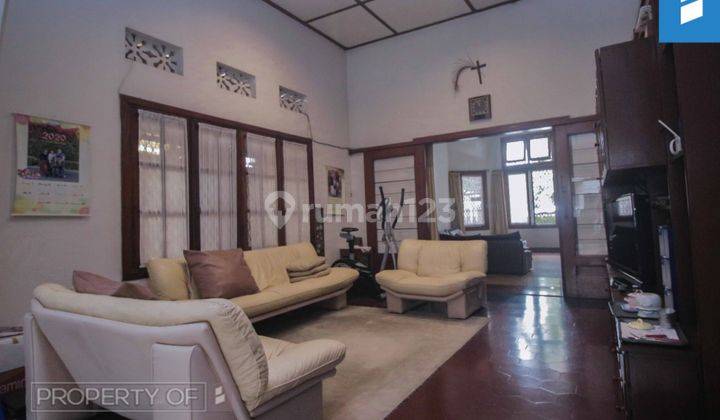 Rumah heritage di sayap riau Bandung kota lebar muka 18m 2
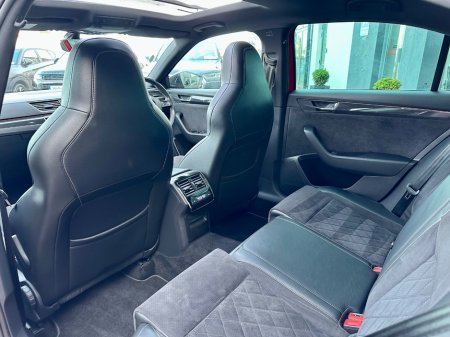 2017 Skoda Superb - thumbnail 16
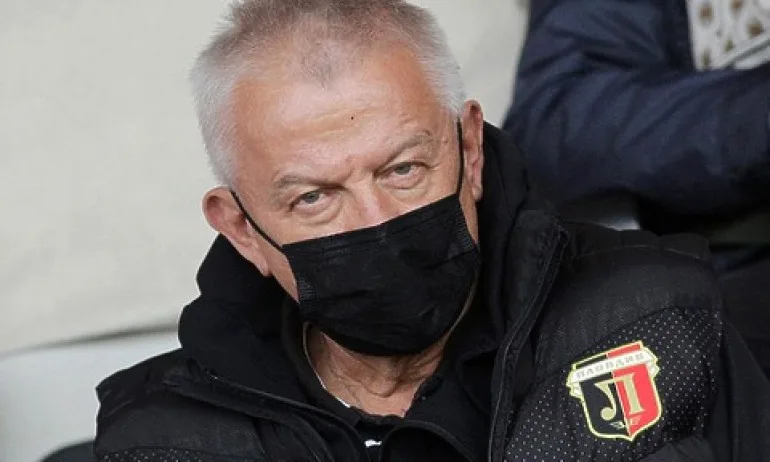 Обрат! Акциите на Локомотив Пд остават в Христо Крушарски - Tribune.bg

--

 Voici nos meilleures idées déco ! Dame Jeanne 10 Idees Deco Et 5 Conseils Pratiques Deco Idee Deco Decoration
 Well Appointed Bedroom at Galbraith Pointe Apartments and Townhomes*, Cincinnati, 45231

--

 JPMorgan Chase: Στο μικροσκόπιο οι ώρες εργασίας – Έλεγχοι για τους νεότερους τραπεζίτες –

Task brief
When copying from the data above, print only the lines from the line containing "Rumah heritage di" to the line containing "Обрат! Акциите на", exactly, and leave the pictures out.

Answer area
 Rumah heritage di sayap riau Bandung kota lebar muka 18m 2
 2017 Skoda Superb - thumbnail 16
 Обрат! Акциите на Локомотив Пд остават в Христо Крушарски - Tribune.bg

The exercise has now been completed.